In 1967, Thurgood Marshall was sworn as an associate justice of the U.S. Supreme Court as the court opened its new term.

In 1975, President Gerald R. Ford formally welcomed Japan’s Emperor Hirohito to the United States during a ceremony on the South Lawn of the White House.

In 1990, the Senate voted 90-9 to confirm the nomination of Judge David H. Souter to the Supreme Court.

In 2002, the Washington D.C.-area sniper attacks began, setting off a frantic manhunt lasting three weeks. (John Allen Muhammad and Lee Boyd Malvo were finally arrested for 10 killings and three woundings; Muhammad was executed in 2009; Malvo was sentenced to life in prison.)

In 2009, the International Olympic Committee, meeting in Copenhagen, chose Rio de Janeiro to be the site of the 2016 Summer Olympics; Chicago was eliminated in the first round, despite a last-minute in-person appeal by President Barack Obama.

Ten years ago: A tour boat, the Ethan allen, capsized on New York’s Lake George, killing 20 elderly passengers. Playwright August Wilson died in Seattle at age 60. Actor-comedian Nipsey Russell died in New York at age 87.

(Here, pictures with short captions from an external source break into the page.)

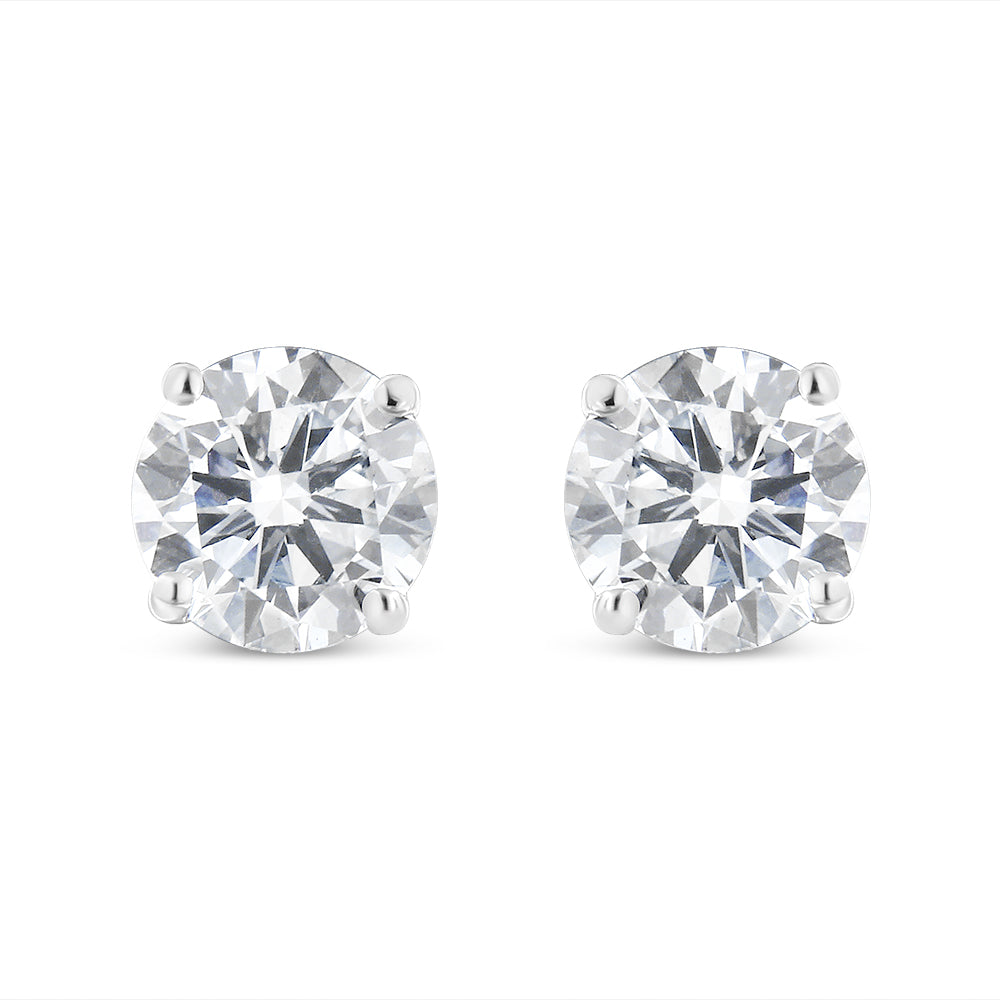14K White Gold 1-1/2 Cttw Round Brilliant-Cut Diamond Classic 4-Prong Stud Earrings with Screw Backs (H-I Color, I1-I2 Clarity)-0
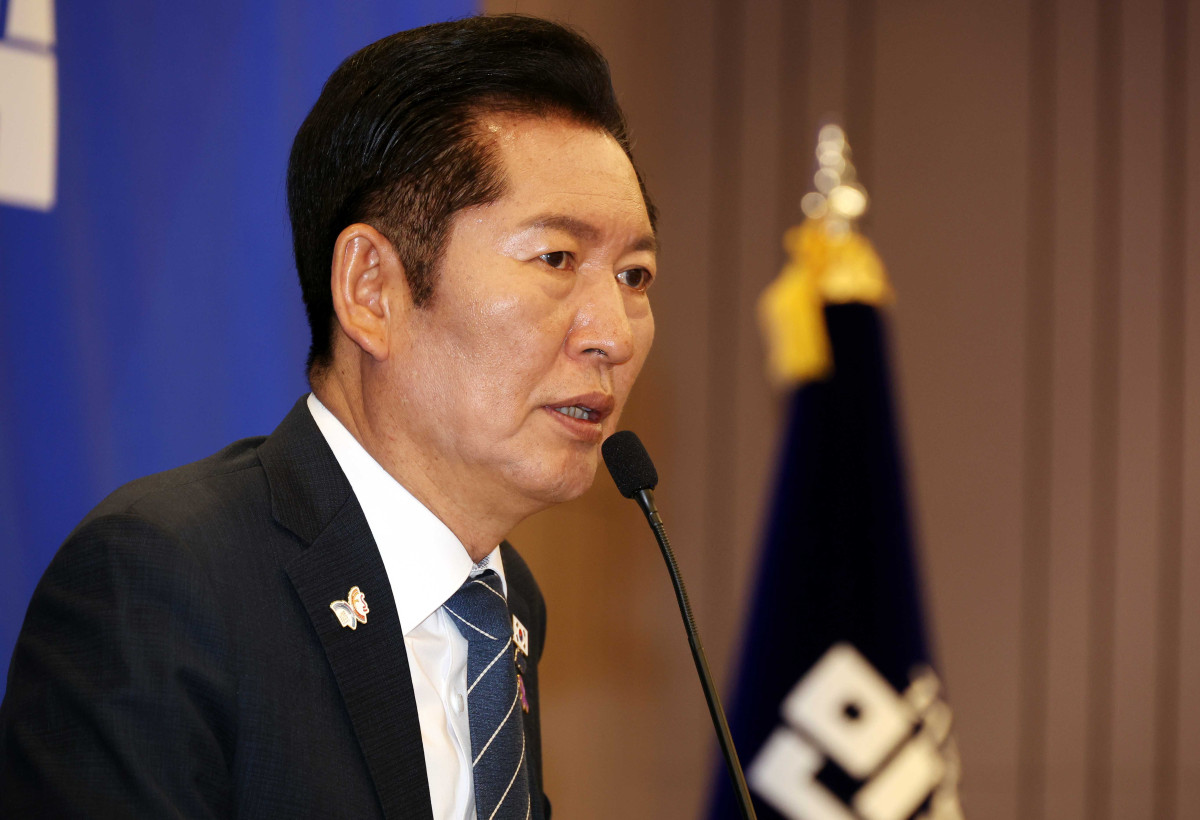 ▲정청래 더불어민주당 대표가 29일 오후 서울 여의도 국회에서 열린 참좋은지방정부위원회 발대식에서 축사를 하고 있다. (사진=뉴시스)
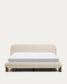 Letto sfoderabile Odina bouclé écru con gambe in frassino massiccio con finitura in noce FSC per materasso da 180 x 200 cm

Five years ago: A coalition of progressive and civil rights groups marched by the thousands on the Lincoln Memorial in Washington D.C., pledging to support Democrats struggling to keep power on Capitol Hill.

One year ago: President Barack Obama acknowledged his pivotal role in the midterm political campaign, arguing in a speech at Northwestern University that the November congressional elections were a referendum on his economic policies and blaming Republicans for blocking his efforts to boost wages and create more jobs. Hong Kong’s embattled leader, Chief Executive Leung Chun-ying, refused demands by pro-democracy protesters to step down.